百詩篇第3巻58番

原文

Aupres du Rin1 des montaignes2 Noriques3
Naistra vn grand de gents4 trop tart5 venu,
Qui defendra SAVROME6 & Pannoniques7,
Qu'on ne saura qu'il8 sera deuenu.

異文

(1) Rin : Rhein 1650Ri 1653 1665
(2) montaignes : Montagnes 1672
(3) Noriques : Moriques 1589PV 1649Ca 1650Le 1668, Notiques 1644 1650Ri 1653 1665, noriques 1660
(4) gents : ens 1665
(5) tart 1555 1840 : tard T.A.Eds. (sauf : trard 1610)
(6) SAVROME 1555 1840 : Saurome T.A.Eds. (sauf : Sarmates 1672)
(7) Pannoniques : Pannonicque 1588-89 1660
(8) qu'il : quil 1672

校訂

 ピエール・ブランダムールは2行目の gents を gent と校訂し、3行目 SAVROME をSAUROM. と校訂した。ブリューノ・プテ=ジラールは支持したが、ピーター・ラメジャラージャン=ポール・クレベールは全く言及していない。もっとも、彼らも実質的に同じ読みをしているので、ブランダムールの校訂は十分に説得的といえる。
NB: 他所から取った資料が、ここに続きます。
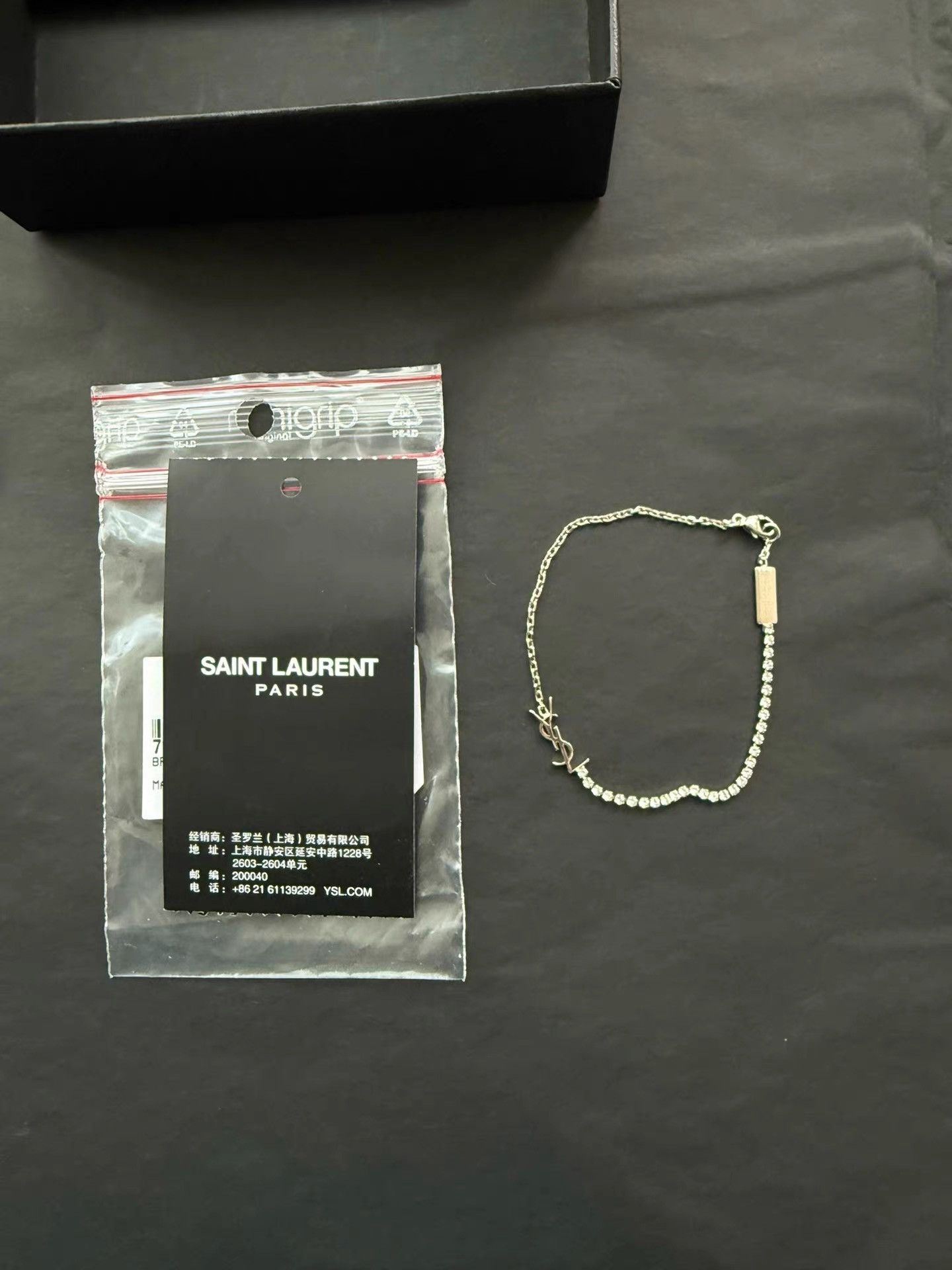 Saint Laurent Paris Saint Laurent Rhinestone Bracelet K33 Size ONE SIZE - 1 Thumbnail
 なお、高田勇伊藤進は1555で saurome と書かれていたと述べていたが*1、これはブランダムールの注記 en petites capitales (小さな頭文字で=小文字と同じフォントサイズの大文字で)を見間違えたものだろう。
 閲覧環境によっては適切に反映されない可能性もあるが、一応、上の原文でも文字サイズを少し小さくした。

日本語訳

ライン川の近く、ノリクムの山々の、
非常に遅れてきた人々の中から一人の偉人が生まれ、
サルマティア人たちとパンノニア人たちを守るだろう。
しかし、彼がどうなるのかは分からないだろう。

訳について

 大乗訳「ノーリック山から出てラインの近く」*2はそうおかしいわけではないが、原文では山は複数形であり、「ノーリック山」という単独の山はない。
 同2行目「おそくなってから偉大なる人が生まれる」は、「人々の中から」(de gent)の意味合いが反映されていない。
 同3行目「彼はポーランドとハンガリーを打ち負かす」は、ヘンリー・C・ロバーツの英訳 Who shall defend the Poles and Hungarians *3と比べても明らかにおかしい。defend と defeat を取り違えたか。
 同4行目「彼のしたことを人はなぜか忘れるだろう」も、ロバーツの英訳 So that it shall not be known what is become of him.と比べてさえも、明らかに意味が離れていることが分かる。

 山根訳はおおむね許容範囲内。2行目「民衆のなかの英雄 来るのが遅すぎた男が生まれるだろう」*4も、やや強引ではあるが、絶対にそう訳せないというものではない。

信奉者側の見解

 テオフィル・ド・ガランシエール(1672年)は「これは平易だ」(This is plain)とだけ注記した。ヘンリー・C・ロバーツ(1949年)はなぜかこの注記をノストラダムス自身のものとした上で、歴史の流れのなかで埋もれてしまったノストラダムスの時代の事件や人物を描写したものだったのだろうとした(ロバーツの邦訳書では、This is plain が「予言は計画だ」と訳された上で、前後の文章も原文から乖離したものになっているが不適切)*5

 ガランシエール以後、20世紀半ばまでこの詩を解釈した者はいないようである。少なくとも、バルタザール・ギノーテオドール・ブーイフランシス・ジローウジェーヌ・バレストアナトール・ル・ペルチエチャールズ・ウォードマックス・ド・フォンブリュヌ(未作成)アンドレ・ラモンの著書には載っていない。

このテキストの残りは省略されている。